## YOUR ASSIGNMENT
Would you output the lines from the one containing "Photo - 76 Grumman Ave" through the final line of the entries, exactly and with pictures omitted?

━━━ TASK INPUT ━━━

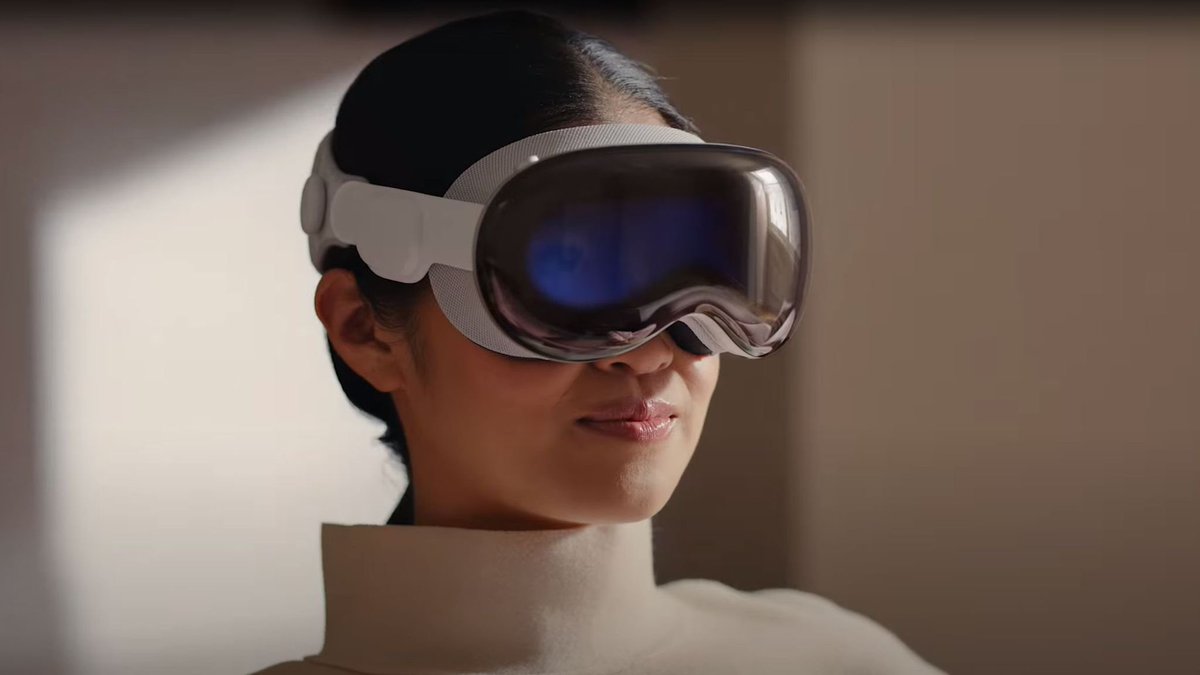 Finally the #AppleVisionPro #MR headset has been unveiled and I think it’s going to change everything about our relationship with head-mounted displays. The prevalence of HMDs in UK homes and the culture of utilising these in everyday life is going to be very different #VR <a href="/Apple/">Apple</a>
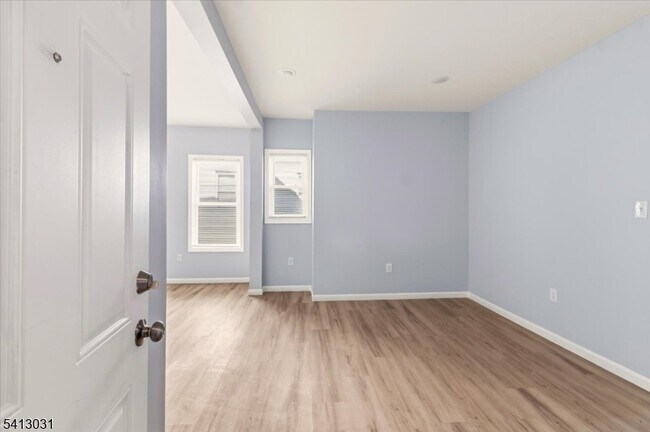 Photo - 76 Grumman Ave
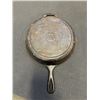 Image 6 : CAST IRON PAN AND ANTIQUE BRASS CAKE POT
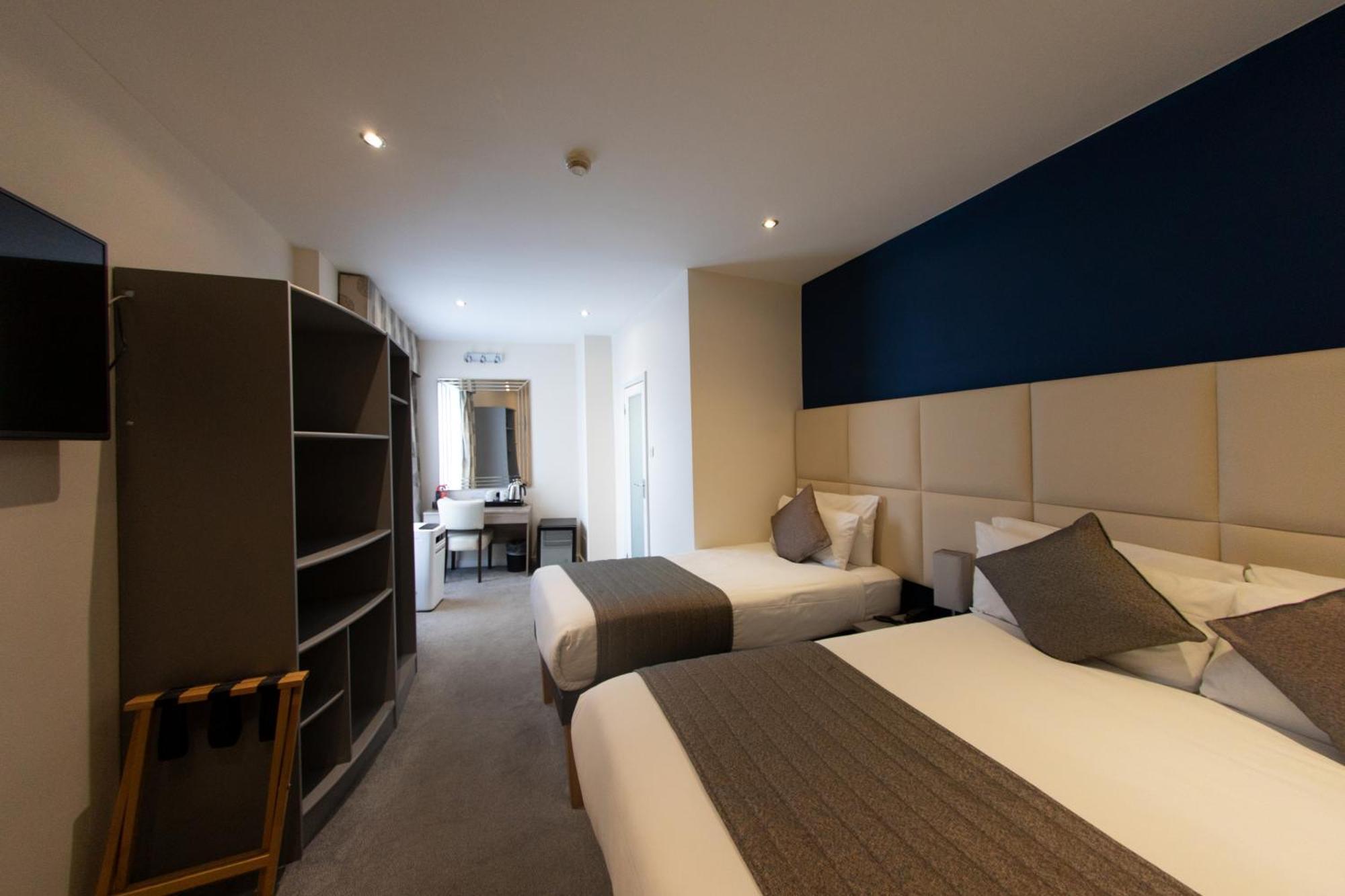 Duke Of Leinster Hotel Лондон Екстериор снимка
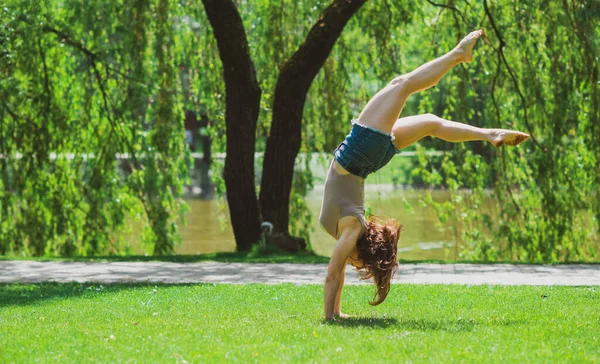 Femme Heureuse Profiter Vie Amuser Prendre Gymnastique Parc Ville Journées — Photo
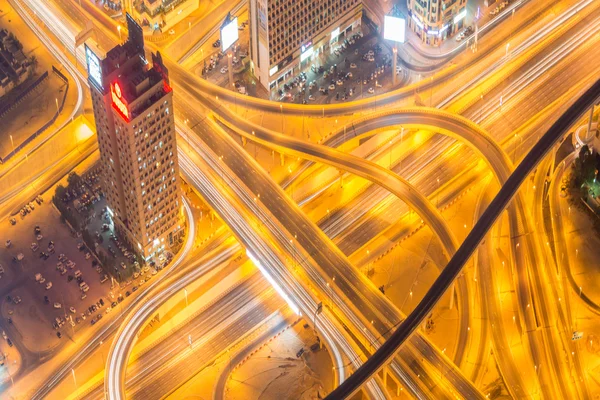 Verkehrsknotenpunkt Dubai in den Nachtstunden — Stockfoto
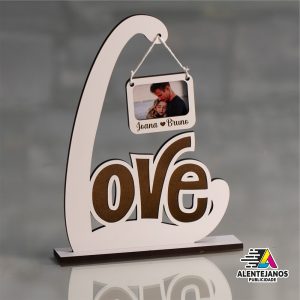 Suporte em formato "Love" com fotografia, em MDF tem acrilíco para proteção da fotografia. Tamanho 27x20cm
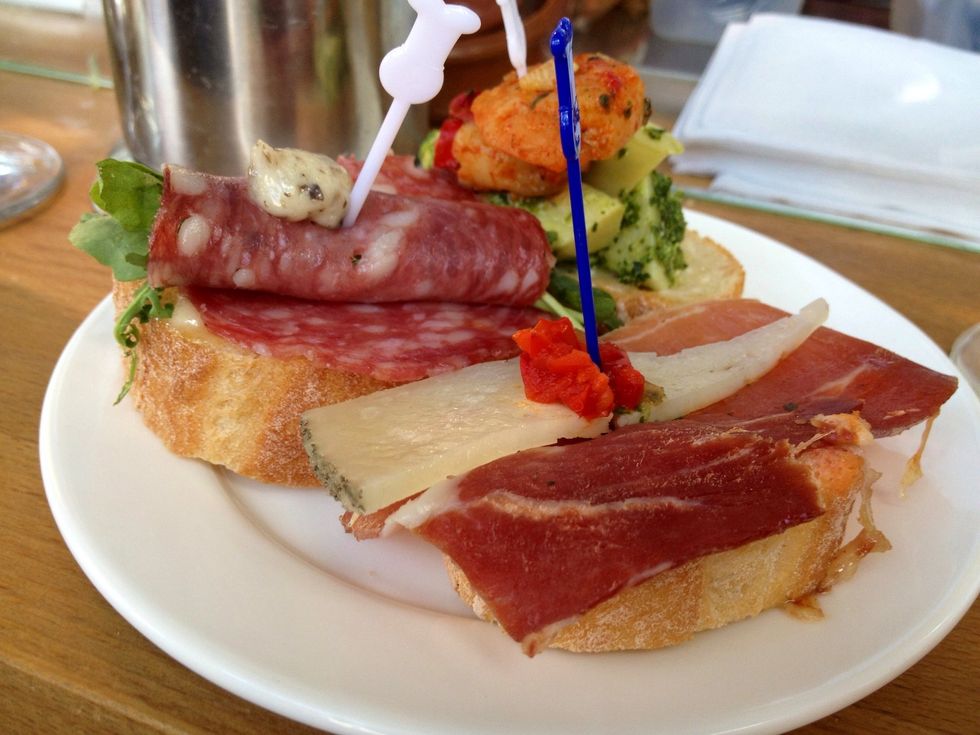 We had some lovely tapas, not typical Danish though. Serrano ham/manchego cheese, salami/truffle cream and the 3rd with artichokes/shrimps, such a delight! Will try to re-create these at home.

━━━

## ANSWER FOR THIS EXERCISE
 Photo - 76 Grumman Ave
 Image 6 : CAST IRON PAN AND ANTIQUE BRASS CAKE POT
 Duke Of Leinster Hotel Лондон Екстериор снимка
 Femme Heureuse Profiter Vie Amuser Prendre Gymnastique Parc Ville Journées — Photo
 Verkehrsknotenpunkt Dubai in den Nachtstunden — Stockfoto
 Suporte em formato "Love" com fotografia, em MDF tem acrilíco para proteção da fotografia. Tamanho 27x20cm
 We had some lovely tapas, not typical Danish though. Serrano ham/manchego cheese, salami/truffle cream and the 3rd with artichokes/shrimps, such a delight! Will try to re-create these at home.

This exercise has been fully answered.